# Framing Bulkhead with Steel Studs(Help)



## BasicBlaq (Jan 17, 2007)

Hi, 

I am looking to frame my bulkheads using the Bailey's Steel Studs and I was just wandering if any can advised me of the best way to frame the bulkheads. Most of the picture I see on the web show a wall on one side of the bulkhead and then they connect an angle stud to the wall. But as you can see from my picture below I don't believe I have enough room to frame a wall so I was thinking I would be able to do a U style frame. 

With the insulation up I have about 4 inches of space. But I know that you have to be 1inch 1/2half from the eternal wall and about 1 inch from wall. I don't think I would be able to do this so I will be building a wall underneath the bulkheads 

I will be using 1 5/8 steel tracks & 1 5/8 studs... Was also considering getting D700 Angle 1x2x10


Can someone please advise me what would be the best way to do this. 

http://s132.photobucket.com/albums/q18/BasicBlaq/ 

thx 
BB


----------



## Brik (Jan 16, 2007)

So, you are building soffits - That's what we call them here. I used wood to build mine. What you are saying is that you cant build your wall close enough to the insulation to be able to anchor that wall to the joists above and that it would be sort of floating. You are worried that it will not be able to support the soffit.
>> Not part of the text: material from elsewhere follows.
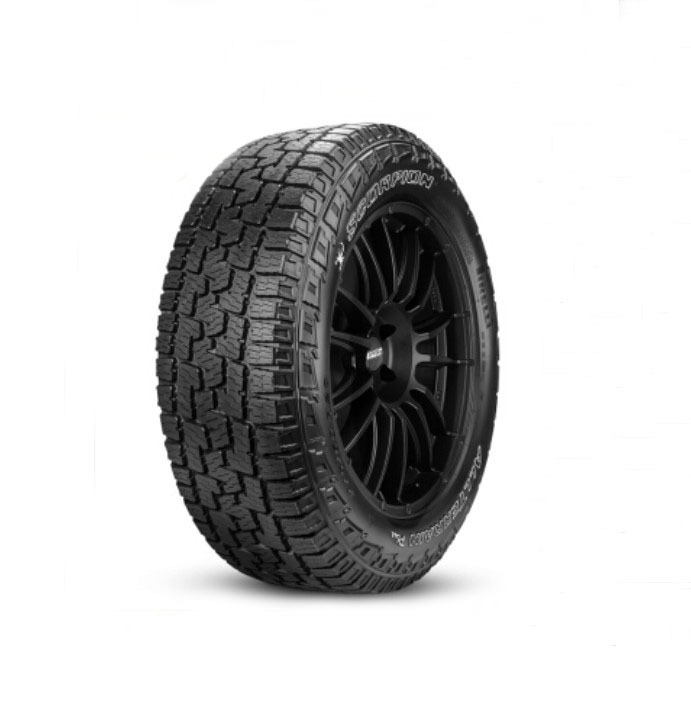 倍耐力轮胎275/65r18 116t 全地形越野轮胎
I think I would do what ever I could to build that wall up to the joists on the wall side of the duct. Even if it meant removing the insulation. You can re-insulate once the studs are up. You could also look into eps insulation behind the studs. It takes up less space per R value IIRC.

Once that wall is up, and secure, you then build out, under the duct, and up to the joists.


----------



## KUIPORNG (Jan 11, 2006)

*Do not be fool by the insulation*

I know you probably have the similar situation with all new homes... which builder setup insulation all around the basement without studs ... this is done probably because of code requirement to get the permit for selling the house. but this is not the proper way... if you are thinking about finishing the basement or partially finish a little bit first. You need to tear down all the insulation... or the part you are renovating... when you see the bare concrete wall and ceiling joists... you are good to go... this is a quick job, always looks more scarely than it actually is.... but do it... otherwise, you will spent much more time like this challenge you are having by building the frame.... you tear down the insulation, build the frame, then put insulation back... this is the proper way to do it... and I did mine....

not to mentioned, the insulation and wall suppose to have a barrier according to code.... like some sort of paint... or paper membrane..etc...


----------



## BasicBlaq (Jan 17, 2007)

The problem I have is I thinking the spacing between the duct and the external wall are to close. even if I have down the insulation I believe I only have about 4 inch right now between the Soffits & Insulation..and I know I need to build 1 1/2 from the wall. So I'm assuming I need about 8 inch to build my wall 2inch from soffits and 2inch from wall. Do any of U know how much insulation is used to insulate the walls

thx
LB


----------



## KUIPORNG (Jan 11, 2006)

What you facing is quite normal, wall is not always be able to reach the ceiling joists in this case it is just like a window in the top wall you are facing... but the same wall should be able to be firmed up by adjacent studs...etc. you should use wood studs rather than steel studs... steel studs offer no advantages to me and it is difficult to attach corner bead later on.... buy you can use steel plate on the other hand which is very handy.... anyway... it is kind of too complicated to talk in one message....


----------